━━━━━ Exercise material ━━━━━

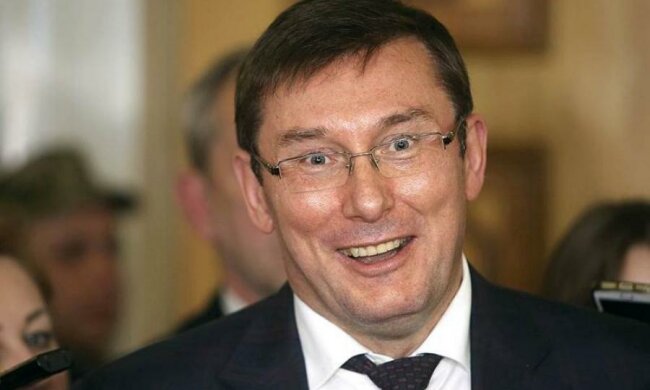 Луценко испортил депутатам праздник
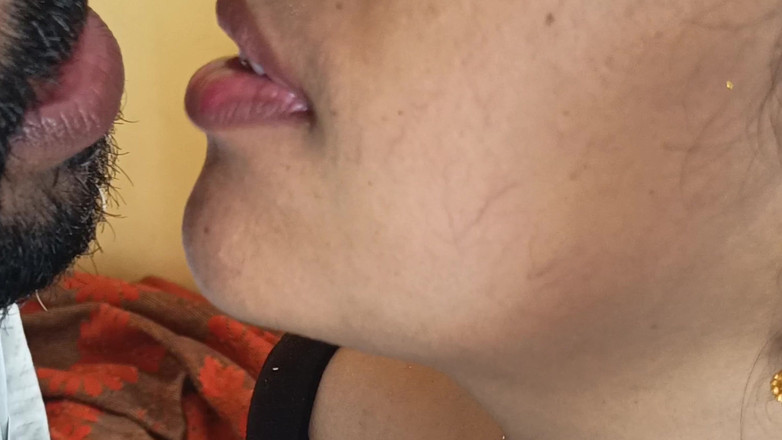 Pushpa porn: Ateşli ve sevimli derin dudak öpücüğü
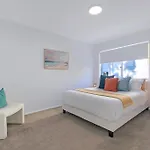 Spacious 3-bed Coorparoo Apartment *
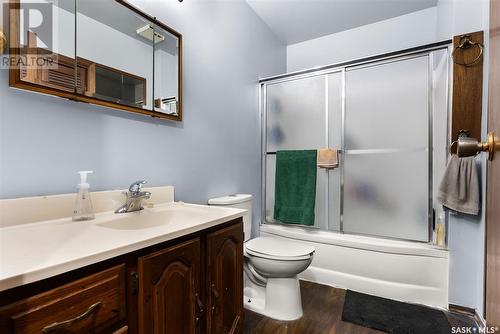 2526 Lindsay Street, Regina, SK - Indoor Photo Showing Bathroom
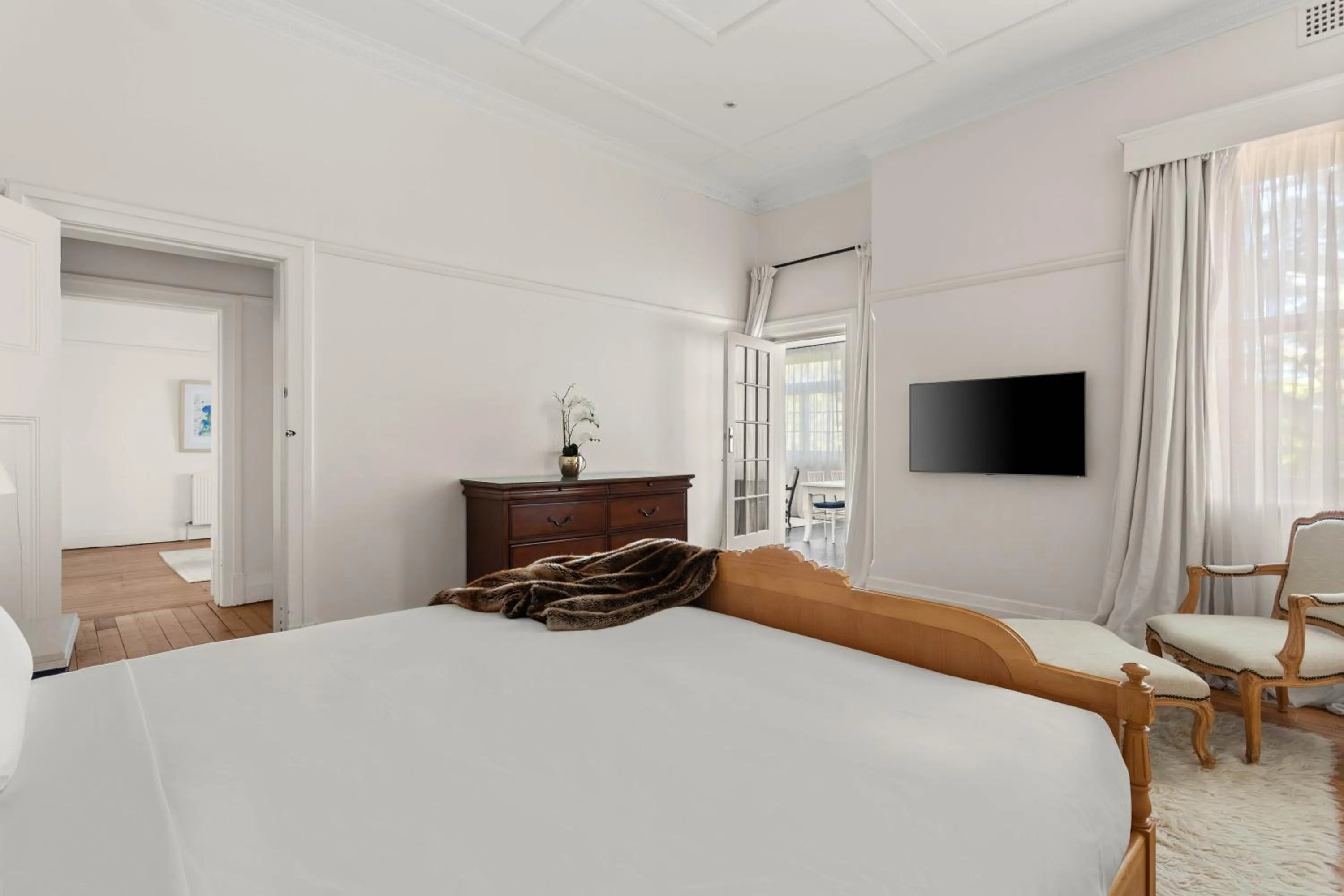 Bedroom in The Robertson Hotel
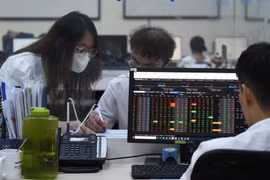 VN-Index quay đầu giảm mạnh, đánh mất sắc xanh cuối phiên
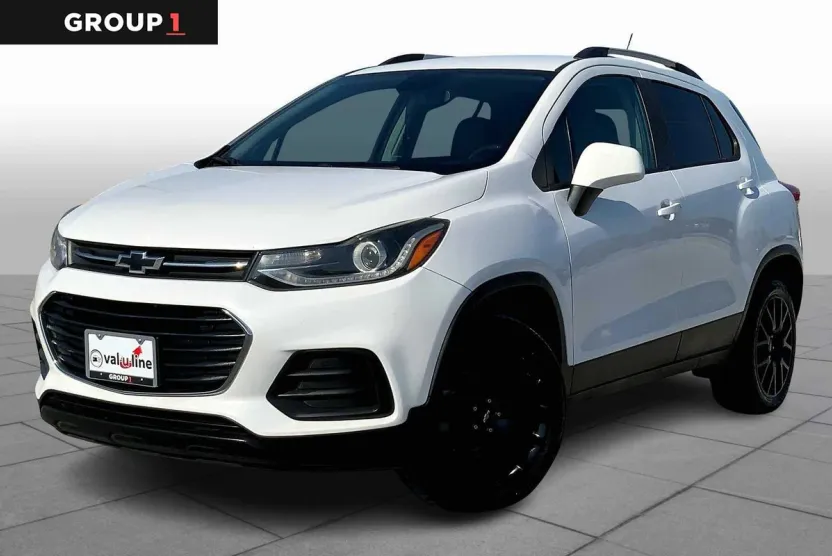 2022 Chevrolet Trax LT photo 1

━━━━━

• **What you should do**
The pictures stay out of the copy. Set down the entries above precisely.

• **Response area**
 Луценко испортил депутатам праздник
 Pushpa porn: Ateşli ve sevimli derin dudak öpücüğü
 Spacious 3-bed Coorparoo Apartment *
 2526 Lindsay Street, Regina, SK - Indoor Photo Showing Bathroom
 Bedroom in The Robertson Hotel
 VN-Index quay đầu giảm mạnh, đánh mất sắc xanh cuối phiên
 2022 Chevrolet Trax LT photo 1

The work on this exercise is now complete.